I grew up in the shadows of drive-in theater screens, tall towers looming blank in daytime and bathed in projector-light dreams after dark.
My father was a movie exhibitor, managing indoor theaters and drive-ins through my teenage years. I was conceived behind a drive-in on U.S. 19 in Pasco County, not in the back seat as others likely were but in a house that was part of the manager's salary in those days.
Watching movie stars under the stars — sometimes gazing upward from playground equipment in front of the tower — are special memories.

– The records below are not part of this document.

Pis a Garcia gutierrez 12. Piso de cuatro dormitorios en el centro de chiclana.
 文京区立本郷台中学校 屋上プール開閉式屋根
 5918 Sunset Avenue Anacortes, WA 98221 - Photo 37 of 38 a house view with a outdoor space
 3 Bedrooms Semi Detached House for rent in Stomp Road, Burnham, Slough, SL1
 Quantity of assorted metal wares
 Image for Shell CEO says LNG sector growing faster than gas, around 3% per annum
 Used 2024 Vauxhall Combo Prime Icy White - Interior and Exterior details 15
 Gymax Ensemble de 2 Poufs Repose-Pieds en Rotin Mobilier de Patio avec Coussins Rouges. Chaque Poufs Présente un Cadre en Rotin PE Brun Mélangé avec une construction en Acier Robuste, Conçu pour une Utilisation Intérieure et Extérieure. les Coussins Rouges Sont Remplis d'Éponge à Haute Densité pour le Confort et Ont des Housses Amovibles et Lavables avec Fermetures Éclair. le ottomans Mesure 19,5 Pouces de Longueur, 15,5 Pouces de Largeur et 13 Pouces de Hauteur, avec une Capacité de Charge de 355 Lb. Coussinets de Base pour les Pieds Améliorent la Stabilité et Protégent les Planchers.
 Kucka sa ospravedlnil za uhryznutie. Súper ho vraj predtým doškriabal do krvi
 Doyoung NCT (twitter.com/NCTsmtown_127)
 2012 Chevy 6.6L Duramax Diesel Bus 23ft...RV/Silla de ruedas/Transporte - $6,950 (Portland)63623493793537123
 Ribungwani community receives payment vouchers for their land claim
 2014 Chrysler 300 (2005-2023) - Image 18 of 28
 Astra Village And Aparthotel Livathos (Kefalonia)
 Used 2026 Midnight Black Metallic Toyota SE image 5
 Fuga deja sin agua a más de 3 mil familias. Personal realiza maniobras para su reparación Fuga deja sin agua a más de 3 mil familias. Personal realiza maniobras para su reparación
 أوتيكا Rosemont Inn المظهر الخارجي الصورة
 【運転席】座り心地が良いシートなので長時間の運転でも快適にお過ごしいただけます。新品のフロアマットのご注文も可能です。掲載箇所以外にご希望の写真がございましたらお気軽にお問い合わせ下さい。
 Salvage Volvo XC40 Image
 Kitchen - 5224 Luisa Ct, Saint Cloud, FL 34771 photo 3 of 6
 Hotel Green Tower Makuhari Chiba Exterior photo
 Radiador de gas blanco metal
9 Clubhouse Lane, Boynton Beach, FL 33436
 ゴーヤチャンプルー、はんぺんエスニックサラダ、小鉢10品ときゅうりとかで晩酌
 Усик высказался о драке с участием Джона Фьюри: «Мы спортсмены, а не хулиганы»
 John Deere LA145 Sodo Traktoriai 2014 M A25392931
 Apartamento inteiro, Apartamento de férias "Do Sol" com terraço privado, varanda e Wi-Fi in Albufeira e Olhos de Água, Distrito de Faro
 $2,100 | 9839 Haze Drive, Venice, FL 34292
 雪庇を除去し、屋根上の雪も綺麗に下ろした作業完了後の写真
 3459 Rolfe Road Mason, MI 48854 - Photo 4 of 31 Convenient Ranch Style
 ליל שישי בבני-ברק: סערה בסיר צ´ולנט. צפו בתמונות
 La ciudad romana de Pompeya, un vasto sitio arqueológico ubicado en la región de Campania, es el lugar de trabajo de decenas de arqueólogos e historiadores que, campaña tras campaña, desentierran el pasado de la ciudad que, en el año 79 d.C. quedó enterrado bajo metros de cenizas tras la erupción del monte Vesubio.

I'm not alone in that affection, judging by the number of outdoor theater events sponsored by community groups at parks, swimming pools, anywhere people can set up lawn chairs and coolers before a temporary screen. Drive-ins are nearly extinct but often crowded with cars where available.
It's a family affair for those viewers, too. That's why they're bringing it home.
Living rooms are widely subbing for megaplexes with large-screen televisions, DVD players and surrounding audio systems. Now a growing number of homeowners are building backyard theater experiences, encouraged by the availability of inflatable screens and portable technology.
Movie lovers like Randy Fisk of Coral Valley, Ill., construct more elaborate outdoor theater systems that would make Home Improvement's Tim Taylor drool.
Fisk collects such strategies and photographs on his Web site, BackyardTheater.com.
"Originally it was only us geeks who were interested," Fisk said over the phone recently. "Over time, people in business have had to use projectors and got friendly with the whole idea. (The site) is a way to chronicle what's working and what doesn't. It's not rocket science."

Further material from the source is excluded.